Pagine

giovedì 2 febbraio 2017

Fallen e l'amor che al cor duole...

"Sono nato intero, non ho bisogno di nessuna metà."
                              o non ho trovato la metà giusta?


Avete presente la storia di Aristofane che descrive l'uomo e la donna come due metà che si possono/devono rincontrare? Ecco... Forse dovremmo prestare più attenzione nella scelta della "metà perfetta".




Ieri sera sono andata al cinema a vedere Fallen, il film tratto dai romanzi di Lauren Kate (dei quali non sono assolutamente fan) e oggi avrei voluto scrivere una breve recensione... Ma ho cambiato idea, perché un aspetto del film che mi ha toccata molto (e mi ha fatto passare la notte in bianco arrovellandomi il cervello) mi ha convinta a porvi alcune domande.

Perché, e lo chiedo seriamente, perché Daniel continua a cercare Lucinda?
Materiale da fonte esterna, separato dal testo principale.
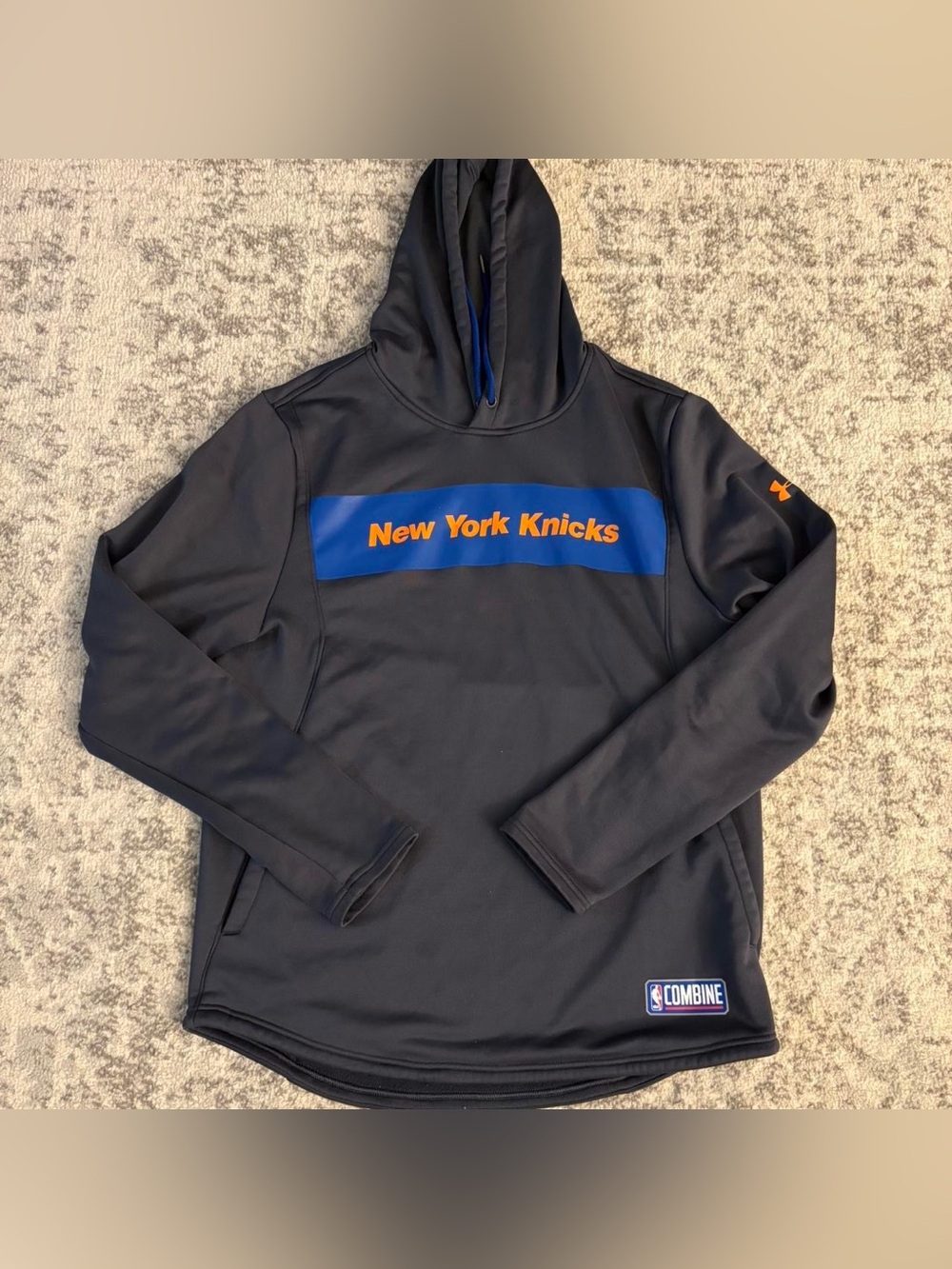 Men’s Large Under Armour Coldgear New York Knicks Grey Blue & Orange Hoodie.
Perché la aspetta sempre? Perché non prende e dice "basta", perché non sceglie qualcosa/ qualcuno che non sia lei?
Non prendetemi per stronza insensibile, io sono follemente innamorata, credo nell'amore e nell'amore "predestinato"... Ma quando fa così male, è davvero amore?
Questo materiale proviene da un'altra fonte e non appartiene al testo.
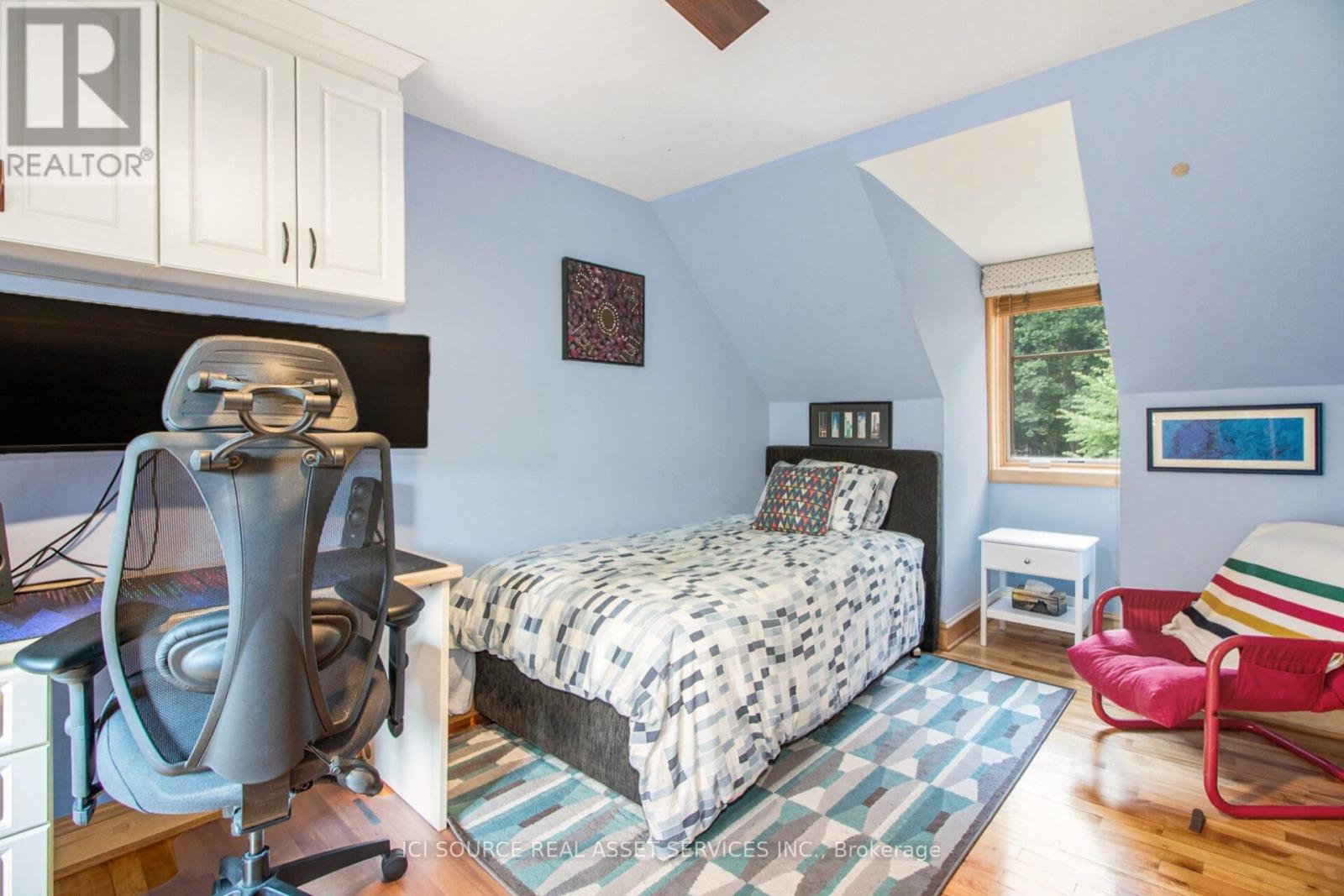 Photo 17 of 53 Birch Avenue, Ottawa ON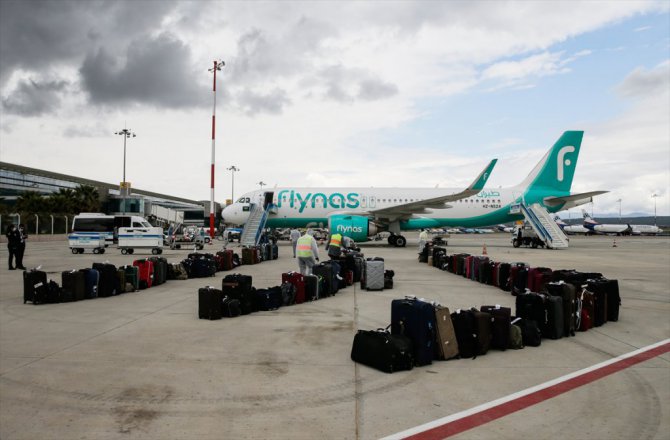 Suudi Arabistan'daki 169 Türk vatandaşı THY uçağıyla İzmir'e getirildi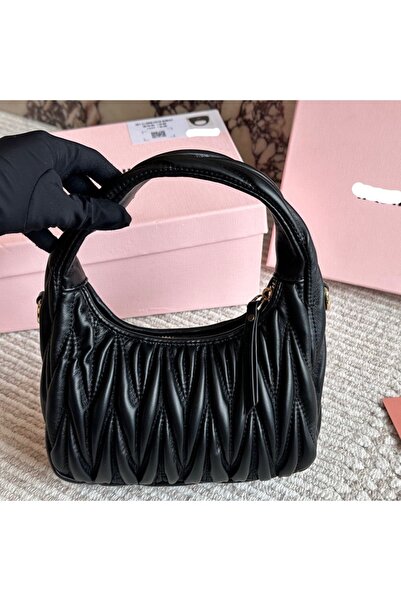 Generali Wander leather hobo Shoulder Bag With Crossbody Strap Zip Closure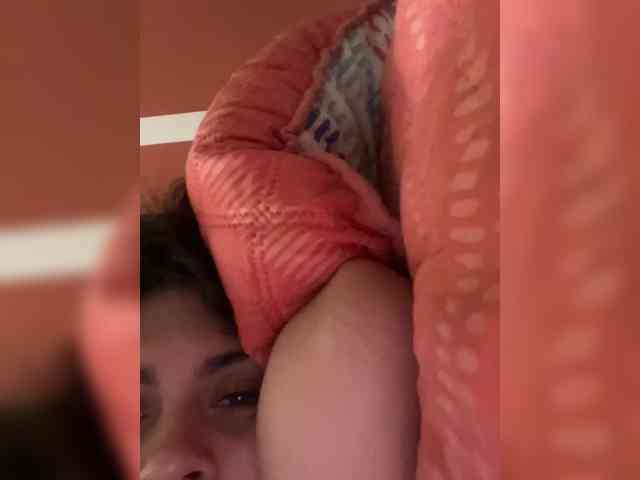 amy-saenz webcam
Non so se avete letto il Simposio (qualche commento qui) e tutte le belle e filosofiche descrizioni dell'amore che ci danno Socrate & Co, però, secondo me, quando si parla di amore pratico, di vita quotidiana, di sentimenti vissuti sulla propria pelle ogni singolo giorno... Porsi questa domanda è importante. L'amore che fa male è amore? Condannarsi a un'eternità di sofferenza, è amore?
Questo vale per entrambi i membri di una coppia: una (ipotetica) lei che soffre come un cane bastonato per tentar di rendere felice lui, una lei che rinuncia a sé, ai propri sogni, a ciò che desidera e che è, per lui, è innamorata o è masochista? O una lei, che fregandosene di tutto, fa sempre ciò che vuole, non chiede nulla, non ascolta nulla, fa di testa propria, e lo tratta come uno zerbino (facendolo soffrire come se ogni giorno gli stessero cavando tutti i denti senza anestesia... versione modificata di Prometeo: qui sono i denti a ricrescere), è innamorata? Lo ama? E lui che si lascia trattare così? Ora, riferite queste domande a tutte i lui-lui, lei-lei, lui-lei del mondo e ditemi: chi decide quando è amore?
C'è un limite a questa definizione? Questo sentimento chi lo classifica? Chi decide quando il male è giusto da sopportare, quando è un male che fa bene, che aiuta, quando è una rinuncia produttiva, giusta, buona... E quando invece sfocia nel masochismo?

L'amore si deve vedere sempre. Non sto dicendo che non si può litigare/discutere (non farlo mai sarebbe comunque strano e forse dannoso), ma l'amore deve far star bene: deve farti svegliare con il sorriso, deve illuminarti ogni volta che pensi a lui/lei, deve darti coraggio, fiducia, pace, sostegno, deve metterti alla prova e sostenerti, deve essere duro qualche volta, ma farti sentire grande, capace, deve aiutarti a migliorare, a crescere, a vivere, deve essere la spinta che ti serve o la mano che ti sostiene... Non può essere sempre pianto e lacrime, un boia e una condanna a morte.

Insomma, giudico Daniel e Lucinda una coppia sbagliata: sono l'esempio dell'amore malato, secondo me. Non credo che quel loro "aspettarsi-baciarsi-morire" possa essere definito "vero amore" o "amore eterno": è un'eterna sofferenza, alla quale lui continua a condannarli. Se lui scegliesse il cielo o gli inferi, il ciclo si chiuderebbe, lei smetterebbe di stare oscenamente per tutta la sua vita, smetterebbe di morire, e lui smetterebbe di vivere un'infinita agonia.
Non ho (forse purtroppo) una visione del mondo così fiabesca da convincermi che "un attimo di felicità valga millenni di sofferenze".

Andarsene non sempre è sbagliato, non sempre è cattivo, non sempre distrugge.
A volte, forse, crea più che rimanere.